◆ **WORK TO BE COMPLETED**: The reply must repeat the listing below exactly and carry none of its pictures.

◆ **DATA EXCERPT**:

Content starts

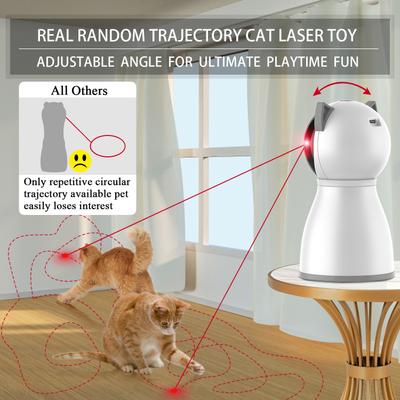 Show full view: YVE LIFE Automatic Motion Activated Indoor The 4th Generation Real Random Trajectory Rechargeable Laser Cat Toy, White, Medium slide 2 of 7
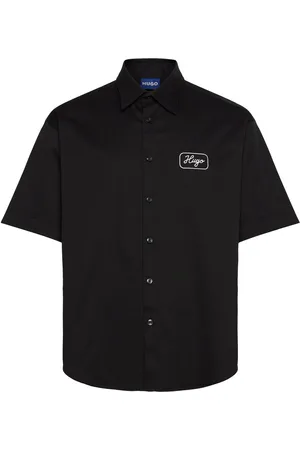 Hugo Blue Ebronn Tops Shirts Short-sleeved Shirts Black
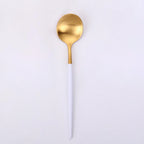 Thumbnail image #1 for Kadra Kitchenware Vikko Dine VF-TS10-VWG Demitasse Tea Spoon, Two-Tone Brushed White & Gold, 18/10 Stainless Steel Case of 12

Content ends

◆ **FINAL ANSWER**:
 Show full view: YVE LIFE Automatic Motion Activated Indoor The 4th Generation Real Random Trajectory Rechargeable Laser Cat Toy, White, Medium slide 2 of 7
 Hugo Blue Ebronn Tops Shirts Short-sleeved Shirts Black
 Thumbnail image #1 for Kadra Kitchenware Vikko Dine VF-TS10-VWG Demitasse Tea Spoon, Two-Tone Brushed White & Gold, 18/10 Stainless Steel Case of 12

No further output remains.